I know next to nothing about cryptocurrencies. I do not have a licence to provide advice about them and a jolly good thing too considering the depth of my ignorance. Therefore please do not take anything I write as advice. I do not want a rap over the knuckles or worse from the regulators and I do not want to be sued. All I want is to put my auditor's hat on and ask some questions.
What is the product?
Products come in two forms, goods and services. I feel comfortable in eliminating goods as a product. I have never heard of a cryptocurrency offering bread for sale or mattresses or Mediterranean cruises or any other tangible product. Therefore it must be a service and that service must be so valuable that a single bitcoin (for example) can be worth thousands of dollars in the marketplace. What could this income-generating service be? Cryptocurrencies do provide a transaction service which is said to be safe and secure. This might well be true. (The auditor in me says "verify"). Even if it is true, the transaction fees I have seen quoted are trivial and much smaller than the fees charged by banks. At this stage of my learning process it is not possible for me to believe that such negligible fees could cover costs, much less generate enough income to make cryptocurrencies so valuable. In fact cryptocurrencies themselves do not make such a claim.

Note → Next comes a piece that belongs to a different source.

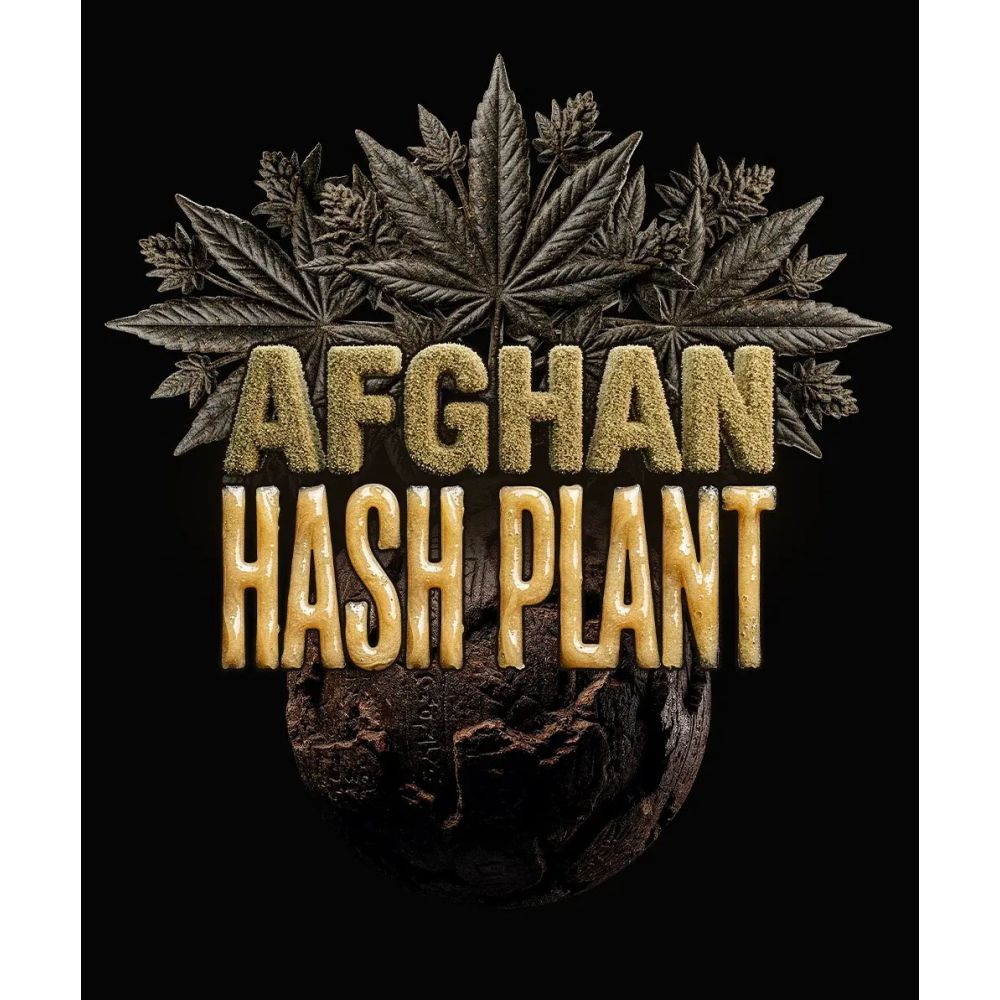 Barneys Farm Afghan Hashplant Auto Hanfsamen Blüte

There is a further issue to consider. It appears that the buyer and seller must both deal in the world of cryptocurrencies. If the buyer pays a transaction fee of, say, one cent and the seller receives one cent then, within the global cryptocurrency world, no wealth has been created. This is like taking one cent from your left hand pocket, putting it in your right hand pocket and saying that now you are a cent richer. If Westpac, Commonwealth, ANZ and NAB charge each other billions of dollars in fees the net result in terms of global banking profits is zero. The banks as a whole generate revenue only when they charge their customers. In my research to date I do not see cryptocurrencies collecting money from customers. I see them dealing only with each other. However, I do see money, big money, flowing in from investors who are willing to pay (in some cases) many thousands of dollars for a single coin. What value do these investors perceive when they make their purchases? If the answer is that they buy because the value of the coin is likely to increase then I am still uncomfortable. Surely there has to be some underlying income-generating service if the currency is not to collapse eventually when it runs out of new investors?

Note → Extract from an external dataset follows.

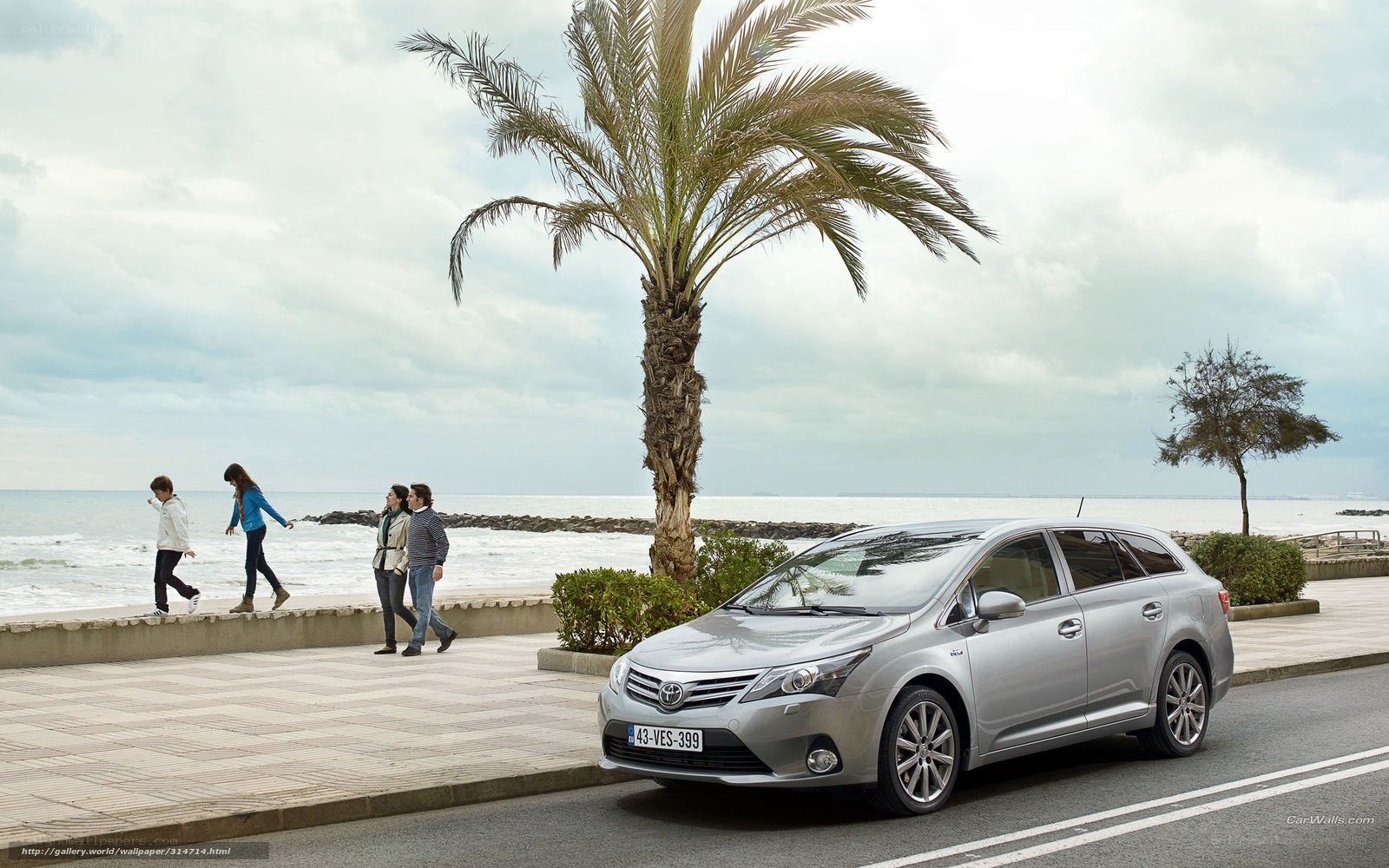Silver Toyota on a coastal road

I need an expert to explain this to me, bearing in mind that my definition of an expert is not someone who can use all those big unfamiliar words I am reading. Instead, it is someone who can simplify. Arcane and esoteric language can obfuscate.
Imagine for a moment that the dollar has just become the first currency. Before that, there was only the barter system.

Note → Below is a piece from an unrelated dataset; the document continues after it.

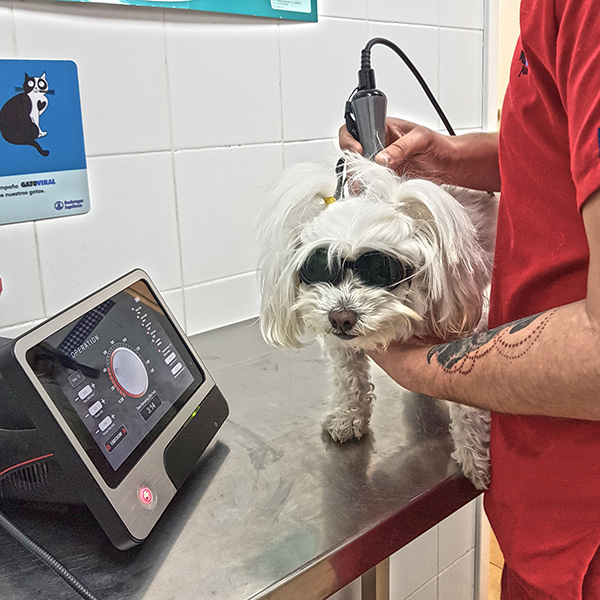 Láser terapéutico veterinario en Cuenca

"I'll give you five sheep for your cow".
"This cow's worth more than five sheep. Throw in two bags of grain and you've got a deal".
Then someone from Japan invents the first currency, the "dollar". It revolutionises commerce. The world goes wild. Headlines on Tuesday. "Dollar is selling for two cows". Wednesday, "Dollar rises to five cows". Thursday "Experts predict dollar to be worth 200 cows by end of year".
Now it is true that the dollar is hugely valuable as a medium of exchange, but try to sell it for $1.01 and see how many offers you get.
Why is moving from a dollar to a cryptocurrency different from moving from barter to a dollar? Isn't a cryptocurrency simply a different medium of exchange?
Where is the control of the money supply?
We all understand that money has value only if it is limited. Historically governments and central banks control this by the amount they print or mint. If a central bank printed unlimited dollar notes each note would be virtually worthless. How do cryptocurrencies control the money supply? Well, Bitcoin limited from the beginning the number of bitcoins that could ever be produced to 21 million. This was a sensible way to address the money supply problem.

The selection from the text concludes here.